US cableco Liberty Global is set to acquire its UK-based counterpart Virgin Media in a stock and cash merger valued at around US$23.3bn.
The deal implies a price of US$47.87 per Virgin Media share, reflecting a 24% premium to the closing price on the…
US cableco Liberty Global is set to acquire its UK-based counterpart Virgin Media in a stock and cash merger valued at around US$23.3bn.
The deal implies a price of US$47.87 per Virgin Media share, reflecting a 24% premium to the closing price on the day before acquisition plans were announced. It also represents a purchase price multiple of 8.8x the target’s 2012 operating cash flow, and 7x its estimated OCF for 2013.
Under the agreement, the target’s shareholders will be offered US$17.50 in cash, 0.2582 Liberty Global Series A shares and 0.1928 Series C shares for every Virgin Media share they own. If the deal goes through as planned, Virgin Media’s shareholders will own around 36% of Liberty’s outstanding shares, and will have approximately 26% of the voting rights.
The cash component of the deal totals roughly US$5.9bn, which will mostly be funded through debt financing and the available liquidity of both companies.
According to Liberty, this will mean extending Virgin Media’s debt by more than US$3bn, although that would still leave it within its normal leverage target of 4-5x annualised OCF.
Liberty expects the combined company, which generated US$16.8bn in revenue and US$7.5bn of OCF in 2012, will have a leverage multiple in the mid-4’s by the end of 2014.
Mike Fries, Liberty’s CEO, said: “After the deal, roughly 80% of Liberty Global’s revenue will come from just five attractive and strong countries – the UK, Germany, Belgium, Switzerland and the Netherlands.”
“Like all of our strategic acquisitions we expect this combination to yield meaningful operating and capex synergies of approximately US$180m per year upon full integration. But just as importantly, Virgin Media’s market leading innovation and product expertise, particularly in mobile and B2B, will accelerate our own development of these business segments.”
“For these and other reasons, Virgin Media will be complementary to our own organic revenue and OCF growth profile, while providing attractive free cash flow enhancement to our shareholders. As a result, we intend to increase our commitment to share buybacks going forward with an initial target of approximately US$3.5bn over a two-year period upon closing.”
Virgin Media CEO Neil Berkett said: “The combined company will be able to grow faster and deliver enhanced returns by capitalising on the exciting opportunities that the digital revolution presents, both in the UK and across Europe.”

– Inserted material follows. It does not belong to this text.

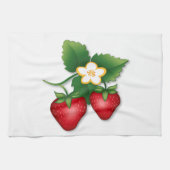 Zoete Aardbeien Shortcake Theedoek (Horizontaal)
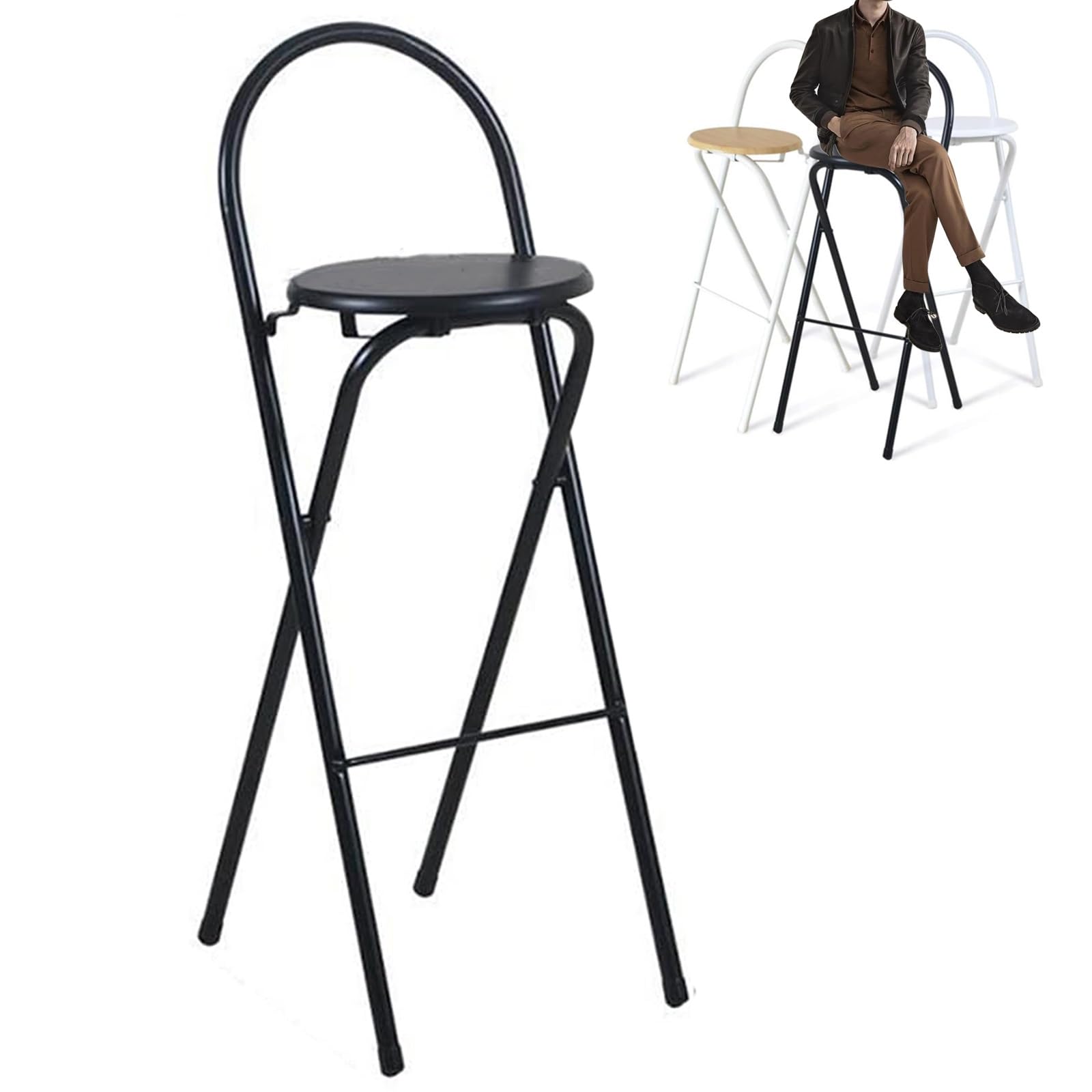 Amazon｜キッチン カウンターチェア 折り畳め 座面高60/65/70/75cm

The deal will also see Liberty redomicile from Delaware to the UK by becoming a subsidiary of a new UK plc holding company. The group said it will also consider a European listing – a move that Bernstein Research analysts said yesterday could create long-term value.
Liberty also said that the share exchange structure of the deal may not be taxable to its US shareholders.
Both companies expect the deal to close in Q2 2013 following regulatory and shareholder approvals. Cable veteran John Malone, who owns in excess of 35% of Liberty’s voting power, has pledged his support for the transaction.
LionTree Advisors is Liberty’s lead financial adviser, with Credit Suisse also providing financial advice while acting as sole global coordinator for the debt financing. Shearman & Sterling and Ropes & Gray are providing legal advice.
Goldman Sachs and JP Morgan are financially advising Virgin Media. Fried Frank and Milbank are serving as legal counsel. Goldman Sachs also acted as corporate broker to Virgin Media.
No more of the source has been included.